Measuring kernel capture drop rate

Hello,

Looking for some input/clarification.

I recently inherited a large installation of Suricata. I just updated to 6.0.1. I am curious about best way to measure kernel capture drop rate.

Suricata outputs a stats.log, and we also output stats.json that is used to feed into Splunk. Sample rate is every 30sec. The previous admin had setup to calculate the drop rate between the 30 sec sample in a Splunk Dashboard to monitor the platform.

previous_sample (t-30sec)
capture.kernel_packets
capture.kernel_drops

current_sample (current)
capture.kernel_packets
capture.kernel_drops

delta_packets = current_capture.kernel_packets - previous_capture.kernel_packets
delta_drops = current_capture.kernel_drops - previous_capture.kernel_drops

drop_rate = delta_drops / delta_packets

Is calculating the delta_drop rate this way a valid measure?
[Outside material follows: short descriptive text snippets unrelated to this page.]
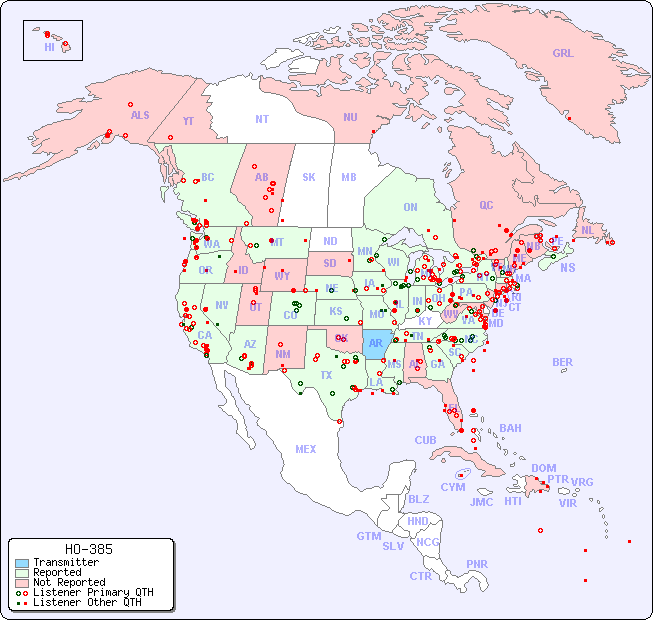 North American Reception Map for HO-385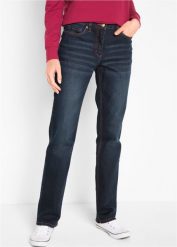 Dżinsy Straight, mid waist, z wygodnym paskiem. Niebieskie jeansy damskie bonprix. Za 134.99 zł.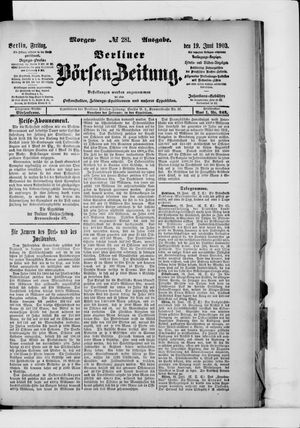 Berliner Börsen-Zeitung on Jun 19, 1903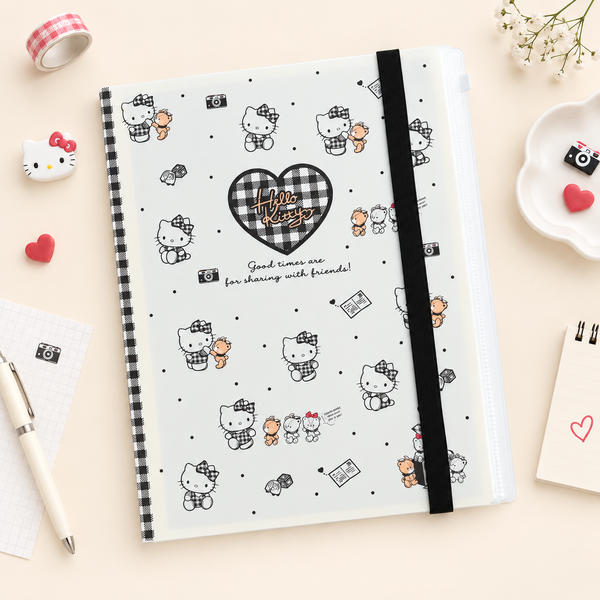 Hello Kitty Clear Book - A4 - Limited Sweet Check Edition - Black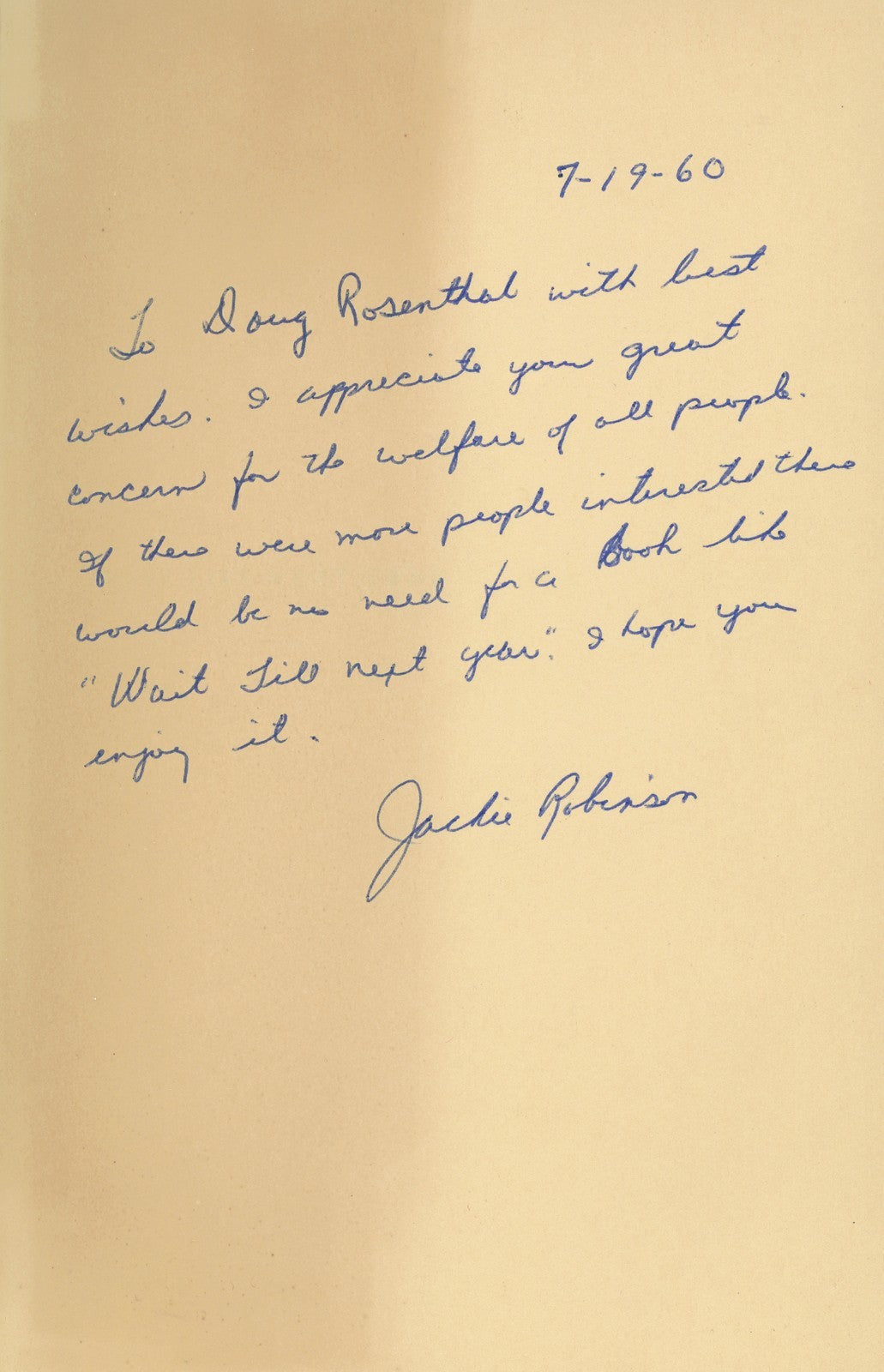 Jackie Robinson Signed & Inscribed First Edition, Wait Till Next Year.1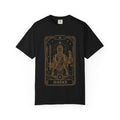 A black crewneck Comfort Colors t-shirt featuring Justice from the Future Arcana collection, inspired by the Justice tarot card. A futuristic blindfolded guardian holds a sword and balanced scales within an elegant Art Deco celestial frame rendered in vintage gold line art on a transparent background.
If I monitor the stats.log file, and calculate drop % I consistently see 1-2%. Strictly calculating from values in stats.log for each 30sec measure. capture.kernel_drops / capture.kernel_packets.
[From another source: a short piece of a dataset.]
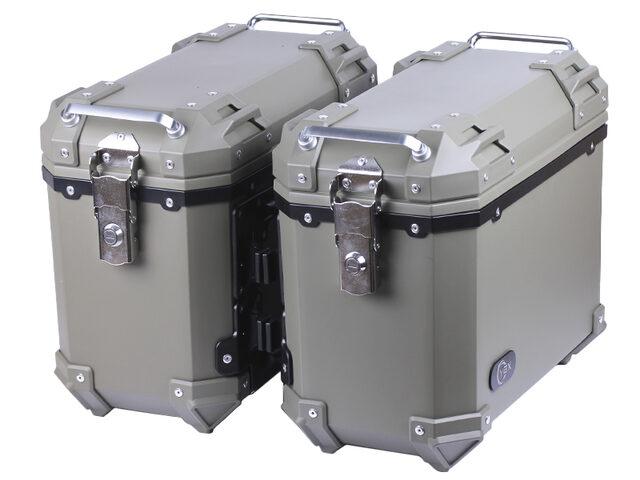 Кофри бічні YBX для мотоцикла, зелені пластикові (пара), 28 л, фото 1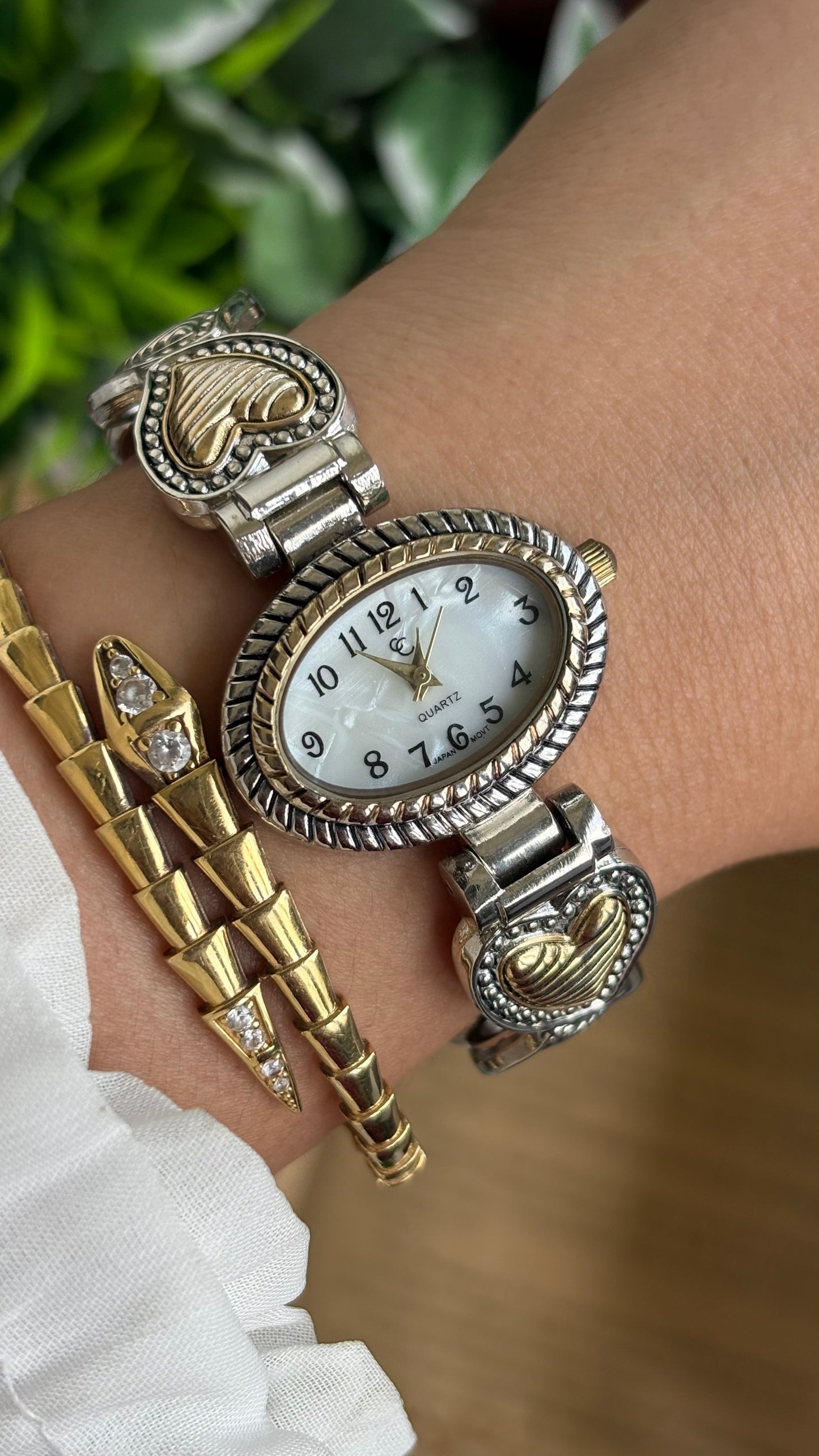 Vintage Charter Club Watch in Two-Tone Heart Straps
However if I calculate the delta drop % between stats.log measures I notice spikes in the drop rate that can be quite significant. (10-40%). As I started sifting through the stats.log I seem to only see the spikes when I calculate the delta between stats.log measures. But if I calculate strictly based on the capture.kernel_packets and the capture.kernel_drops values from each stats.log measure the drop % is 1-2%.

IMHO that is the correct approach. Do you see spikes there as well? I would correlate that to other values like load, network throughput etc. that might explain spikes.